Smith v. Kaleal, 2007-L-083 (12-7-2007)

2007 Ohio 6560
CourtOhio Court of Appeals
DecidedDecember 7, 2007
DocketNo. 2007-L-083.
StatusPublished

This text of 2007 Ohio 6560 (Smith v. Kaleal, 2007-L-083 (12-7-2007)) is published on Counsel Stack Legal Research, covering Ohio Court of Appeals primary law. Counsel Stack provides free access to over 12 million legal documents including statutes, case law, regulations, and constitutions.

Bluebook
Smith v. Kaleal, 2007-L-083 (12-7-2007), 2007 Ohio 6560 (Ohio Ct. App. 2007).

Opinion

OPINION
{¶ 1} Appellant, Mr. Dan Kaleal and All Occasion Limousine, Inc., appeals from the April 12, 2007 judgment entry of the Lake County Court of Common Pleas, which denied his motion for relief from judgment. For the following reasons, we affirm.

{¶ 2} Substantive and Procedural History

{¶ 3} This appeal originates from an employee workman's compensation claim that was filed by appellee, Mr. Christopher T. Smith ("Mr. Smith"), an employee of appellant, Mr. Dan Kaleal, dba All Occasion Limousine, Inc. ("Mr. Kaleal"), with appellee, William E. Mabe, Administrator of the Bureau of Worker's Compensation ("BWC").

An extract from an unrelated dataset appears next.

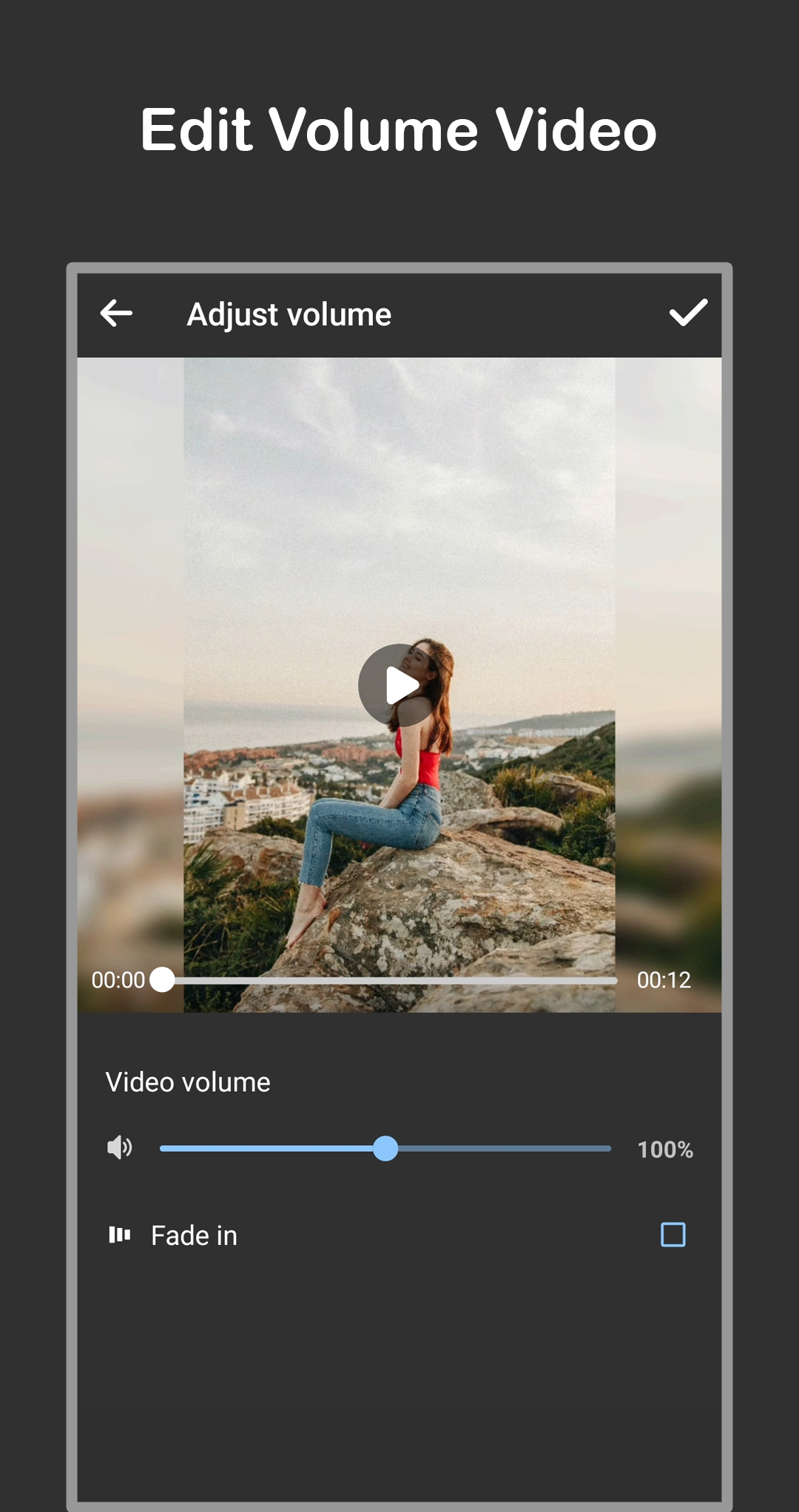 اسکرین شات 3 برنامه Add Audio To Video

{¶ 4} Mr. Smith filed a notice of appeal from the BWC's denial of his claim and a complaint in the Lake County Court of Common Pleas on December 12, 2005, naming both BWC and Mr. Kaleal as defendants. The clerk of court properly served BWC and Mr. Kaleal by certified mail. The return receipt evidencing service upon Mr. Kaleal was returned and filed on December 27, 2005. Although the record reflects that Mr. Kaleal defended the claim at the administrative level, he failed to file an answer or otherwise enter an appearance in this case.

{¶ 5} On January 25, 2006, BWC through the Attorney General's Office sent Mr. Kaleal a letter informing him that BWC was a co-defendant in this case, that Mr. Kaleal had the right to retain counsel, and that if he decided to retain private counsel to have his counsel contact BWC. If Mr. Kaleal choose not to retain private counsel, BWC requested that Mr. Kaleal contact them to assist in the preparation of a defense to Mr. Smith's claim. Mr. Kaleal did not respond to this letter. In addition, Mr. Kaleal was served a notice of service of interrogatories directed to plaintiff on January 25, 2006, at *Page 3 a correct address, and he was also serviced a notice of service of discovery by Mr. Smith on April 13, 2006, at a correct address.

{¶ 6} The court sent notice to all the parties on May 15, 2006, that the case was set for a jury trial on August 7, 2006. However, as the case proceeded to trial, Mr. Smith and BWC reached a settlement agreement that was ultimately accepted by the court on August 15, 2006. Thus, the court dismissed the case with prejudice by agreement of the parties.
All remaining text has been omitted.